Date: May 2017
Jin Joo Lee. A Bayesian Theory of Mind Approach to Nonverbal Communication for Human-Robot Interactions. Doctoral Thesis, Massachusetts Institute of Technology, 2017.
In storytelling interactions, storytellers employ a certain but subtle social cueing strategy when they believe a listener is paying attention to their story. But, if they think they are not paying attention, then this strategy changes. It flips to one where the storyteller uses stronger cueing signals in hopes to get the listener to pay attention again. I discovered these different strategies using machine learning models that find such patterns from real-world human interaction data (see this project).
Using a Bayesian theory of mind (BToM) approach, my AI algorithm, represented as a dynamic Bayesian network (DBN), tracks what kind of strategy a storyteller is exhibiting to get a sense what he/she currently thinks about a listening robot. Do they think the robot is being attentive or inattentive to their story? Based on this estimation, the robot then changes is body language to improve or even tone down its levels of expressivity because it has a goal of communicating an appropriate level of attentiveness. The social robot is in tune with what you think about it and modifies its behavior to alter your perception.
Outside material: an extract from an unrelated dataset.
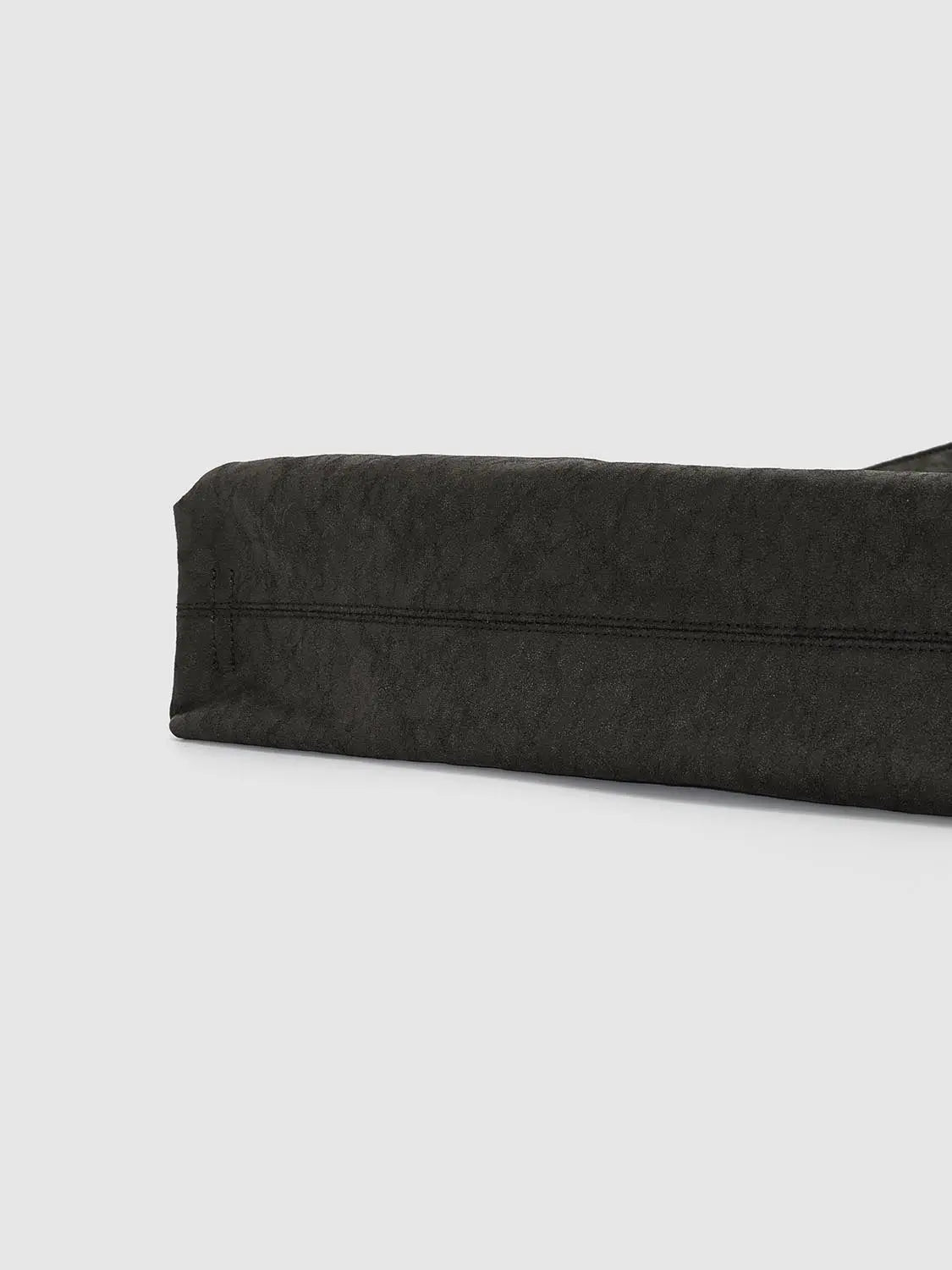 Shoulder bag by Urban Revivo Fashion in black textured fabric with stitched seam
I integrated my AI algorithm into a realtime perception-to-behavior generation pipeline that controls a social robot. My software architecture supports the detection of prosodic- and gaze- based social cues from a child storyteller, decides how a social robot should respond based on it AI policy, and controls the exhibited set of expressive animations.
People do this kind of “mind reading” to understand what others think about them, and its often considered to be common sense or even street smarts. A major factor in the success of robots will heavily depend on their ability to effectively communicate with us as socially intelligent agents.